Chloe Crosschild - Iitapii’tsaanskiaki (BN '14, MN '20), RN, is a talented Blackfoot nursing scholar committed to research and nursing practice supporting Indigenous health and well-being. Her outstanding Master of Nursing (MN) thesis, titled Urban Indigenous Mothers’ Experiences with Postnatal Nursing Care in Southern Alberta: A Blackfoot Methodology provides a roadmap for health research with Blackfoot Peoples. Chloe created unique Indigenous research methods based on Blackfoot Ways of Knowing as the foundation of her thesis. Chloe earned the 2019 School of Graduate Studies Silver Medal of Merit in the Master of Nursing.
Since she completed her MN program, Chloe has been applying her expertise as an Indigenous advisor to the Nursing Education in Southwestern Alberta (NESA) Bachelor of Nursing (BN) programs. Her work includes making changes to NESA course material to address Truth and Reconciliation Commission (TRC) reports and calls-to-action. Additionally, Chloe has started the next phase of her educational and research journey in the University of British Columbia's Nursing PhD program.
What is your most memorable ULethbridge experience?
"My most memorable ULethbridge experience was sitting on the Graduate Students' Association (GSA) Council as the Indigenous Rep. This role was very important in making my graduate experience because it allowed me to learn from students in other disciplines, faculty from different departments and staff that make up the uLethbridge community."
Is there someone specific who had an important influence on your uLethbridge experience?
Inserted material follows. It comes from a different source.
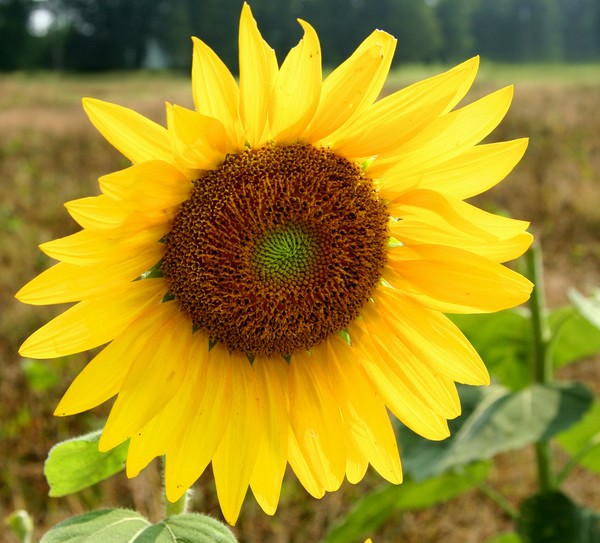 Stock Image Sunflower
"Yes. My mentor, role model and thesis supervisor Dr. Peter Kellett was an important influence in my uLethbridge experience. I met Peter while completing my undergraduate (Bachelor) degree in nursing and he has been there to support and guide me in my professional journey. He encouraged me to achieve things I never thought I was capable of, and through his mentorship I gained the confidence I needed to push past my own expectations. I am forever grateful for Dr. Kellett."
What is the most important lesson you learned as a student?
"The most important lesson I learned was to be true to myself in everything I do, including my research and academic work. Despite being an Indigenous woman, I was primarily trained and educated in a colonial system. It was in my graduate school journey that I was able to fully embrace the importance of my background and identity and draw on my Blackfoot values to guide me in my school work. I found myself in a unique position to explore how two worlds collide in health care, especially when Western and Indigenous Ways of Being clashed.
What are your hopes and plans for the future?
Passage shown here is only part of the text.